For more information about CDRs, two- and three-year calculations, the transition to the three-year calculation, draft and official rates, benefits and sanctions, and challenges and requests for adjustment, as well as TG tools to help a school manage its CDR, see TG's archived webinars, "Managing your cohort default rate" and related training materials, including a Q&A from the session.
In addition, see TG's Default Prevention Internet Resources for a link to ED's Cohort Default Rate Guide Quick Reference and other ED publications designed to assist school users and default prevention and management personnel. For tips on how to develop and integrate proactive default aversion techniques at your school, visit TG's archived webinar, "Default Aversion 101" and related training materials, including a timeline of default aversion activities and a Q&A from this session.
For questions about CDR and related issues, contact TG customer assistance at (800) 845-6267, or send an email message to cust.assist@tgslc.org.
Save the date
On February 4, 2010, TG will provide a new webinar, "How to Challenge Your Cohort Default Rate," which will describe the process for challenging data contained in draft CDRs, as well as the types and timelines for data challenges. Intended for school personnel directly responsible for monitoring and verifying the accuracy of a school's CDR, this webinar will be broadcast at 10 a.m. Central Time and repeated at 3 p.m. Central Time.
On December 16, 2009, ED released ECASLA Electronic Announcement (E-ANN) #78, regarding the retention of records needed to establish eligibility of loans pledged to the conduit lender.

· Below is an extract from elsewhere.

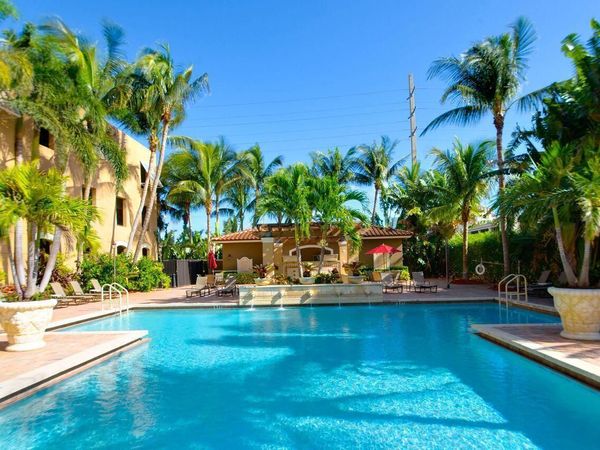 616 Clearwater Park Road, Unit 313, West Palm Beach, FL 33401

According to the Funding Note Purchase Agreement (FPNA), all funding note issuers must provide to the conduit administrator, the conduit manager, and ED an Agreed-Upon Procedures Letter (AUP) regarding whether loans that are pledged to the conduit lender are eligible loans. The FPNA states in part:
"The AUP must be conducted in accordance with guidelines published periodically by the Department and must be submitted following any calendar quarter in which the issuer pledges loans to the conduit lender. Those guidelines have not yet been published. Because the AUP will examine whether loans pledged to the conduit are Eligible Loans under the FNPA, issuers must ensure that the records needed to establish that the loans that were pledged qualify as Eligible Loans."
An "eligible loan" as defined by the FNPA includes, among other things, the requirement that the loan was selected for sale and/or pledge in accordance with the Loan Sale Allocation Criteria or Loan Pledge Allocation Criteria, as applicable. In addition, the loans sold or pledged (the Pool) must be selected from all or part of the seller's or issuer's Relevant Loan Portfolio as well as representative of the seller's or issuer's Relevant Loan Portfolio. The FPNA goes on to say:
"To demonstrate that the loans were selected as required by the FNPA, the Pool of loans selected must be compared with the Relevant Loan Portfolio from which it was selected. That comparison requires the seller or issuer to retain an accurate and complete record of the specific loans that comprised that particular Relevant Loan Portfolio. If the Pool is one that must be tested for compliance with the four Threshold Tests, the seller or issuer must include in the records sufficient details to show the average principal balance, school type, payment status, and type of each loan comprising both the Pool and the Relevant Loan Portfolio. In addition, the records must contain sufficient details to show that the Pool has met each Threshold Test."
More information
The complete announcement and attachments, as well as all previous ECASLA E-ANNs, are available on ED's ECASLA website at http://federalstudentaid.ed.gov/ffelp.
In the final rules published on October 29, 2009, the Federal Register reorganized and expanded §682.205 to include a series of new disclosures as required by the Higher Education Opportunity Act (HEOA). One new disclosure requirement, as outlined in §682.205(c)(4), notes that a disclosure must be provided to those borrowers having difficulty making payments. For a borrower who has notified the lender that he or she is having difficulty making payments, the lender is required to provide the borrower with information pertaining to:
ED recently clarified in private letter guidance that "a purely lender-initiated contact with a borrower, such as a due diligence contact that is not in response to a borrower-triggering contact, is not subject to this particular disclosure requirement."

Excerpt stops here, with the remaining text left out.